Maybe I'm not "Honest Abe," but I'm close to it

I love the truth. I love to tell the truth. Much more than most, I'm truthful, straightforward, and vulnerably open.

Sometimes lying is stupid (for everyone concerned)

Nevertheless, sometimes I lie. And when I do, I do a good job of it and I feel great about myself for doing so.

I lie with forethought, never carelessly. In fact, my rule of thumb is that, unless I have a very good reason to lie, I tell the truth.

Carefully vetting a possible lie

Moreover, before I seriously consider lying, I will ask myself, "Is there a way to tell the truth so the projected costs and risks that I am concerned about can be minimized or eliminated?"

To continue to vet a possible lie, I'll ask myself, "What risks, if any, are there that this person I'm thinking of lying to would either know that I am lying or could discover I lied? Are the projected costs that would be incurred for me and for them, should they discover I am lying and factoring in the risk of that, are the risk of these costs less than the benefits I project in lying, in comparison to not lying?" In asking myself this question, I try to err on the side of over-estimating the risk of them finding out.

Calculating long-term, not just short-term

Calculating for them, not just for me

In taking into account the cost-risk/benefit-possibility ratio, I'll be looking long-term, not only short-term, to ensure Now-Next Integrity. I'll be considering their cost/benefit ratio, not just my own, to ensure Oneself-Others Integrity.
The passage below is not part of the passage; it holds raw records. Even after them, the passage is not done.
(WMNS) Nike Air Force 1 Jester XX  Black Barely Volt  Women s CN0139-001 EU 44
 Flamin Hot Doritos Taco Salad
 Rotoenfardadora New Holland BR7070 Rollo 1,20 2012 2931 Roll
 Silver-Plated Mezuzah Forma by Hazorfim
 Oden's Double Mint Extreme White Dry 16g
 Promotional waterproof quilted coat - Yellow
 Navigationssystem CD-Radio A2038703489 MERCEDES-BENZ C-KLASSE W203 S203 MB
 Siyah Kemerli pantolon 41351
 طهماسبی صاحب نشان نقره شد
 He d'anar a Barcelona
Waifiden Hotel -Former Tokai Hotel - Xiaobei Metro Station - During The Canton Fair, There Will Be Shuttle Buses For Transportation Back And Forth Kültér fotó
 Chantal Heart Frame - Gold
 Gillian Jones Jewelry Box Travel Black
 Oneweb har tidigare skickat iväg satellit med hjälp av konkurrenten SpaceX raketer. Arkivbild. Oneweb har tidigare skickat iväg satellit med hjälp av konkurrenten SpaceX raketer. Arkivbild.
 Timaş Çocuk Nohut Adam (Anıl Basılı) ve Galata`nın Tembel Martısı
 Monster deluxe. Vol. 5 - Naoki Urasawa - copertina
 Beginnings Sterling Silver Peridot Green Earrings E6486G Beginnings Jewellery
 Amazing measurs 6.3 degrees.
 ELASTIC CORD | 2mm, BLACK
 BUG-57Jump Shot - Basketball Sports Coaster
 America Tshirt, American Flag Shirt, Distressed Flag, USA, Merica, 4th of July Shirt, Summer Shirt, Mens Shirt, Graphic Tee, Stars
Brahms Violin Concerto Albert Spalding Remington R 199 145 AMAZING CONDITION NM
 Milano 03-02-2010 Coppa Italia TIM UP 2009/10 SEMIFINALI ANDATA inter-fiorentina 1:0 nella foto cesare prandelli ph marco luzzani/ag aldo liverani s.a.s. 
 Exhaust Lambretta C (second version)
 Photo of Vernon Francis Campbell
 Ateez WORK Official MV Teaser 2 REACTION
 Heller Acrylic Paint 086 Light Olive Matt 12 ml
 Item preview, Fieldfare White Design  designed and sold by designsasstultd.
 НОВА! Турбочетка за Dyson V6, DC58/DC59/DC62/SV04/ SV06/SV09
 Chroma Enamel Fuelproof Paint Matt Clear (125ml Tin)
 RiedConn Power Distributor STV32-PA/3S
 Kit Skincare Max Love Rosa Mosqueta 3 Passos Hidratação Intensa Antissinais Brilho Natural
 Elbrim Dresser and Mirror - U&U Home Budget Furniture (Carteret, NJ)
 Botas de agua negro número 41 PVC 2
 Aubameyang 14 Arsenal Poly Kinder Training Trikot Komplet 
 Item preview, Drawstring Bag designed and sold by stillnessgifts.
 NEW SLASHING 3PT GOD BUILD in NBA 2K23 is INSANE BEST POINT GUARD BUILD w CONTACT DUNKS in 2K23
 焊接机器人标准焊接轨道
Taking 100% responsibility

Consequently, if I do decide to lie, it will be with integrity, fully accepting whatever risks and costs may be included. If courage is needed, I'll honor myself for choosing that courage. Even though it may turn out that I misjudged the cost-risk/benefit-possibility ratio and don't get the results I intended in a given situation, I'll still feel good about myself. It's all part of living life to the fullest.

Some of us suck at not lying

Some of us try to be absolute in our commitment never to lie and always to tell the truth, even though lies of omission are often still allowed. Their not-lying ethic is not likely based fundamentally on any valid idea of integrity. It's more probably driven by a culturally acquired identity of "being a good guy" or in reaction to someone else who hurt others by lying (shades of the movie "Liar Liar" with Jim Carrey). Consequently, these compulsive truth-tellers often hurt themselves and others unnecessarily. And when others complain about that pain, these truth-tellers usually defend themselves with, "I'm just speaking the truth."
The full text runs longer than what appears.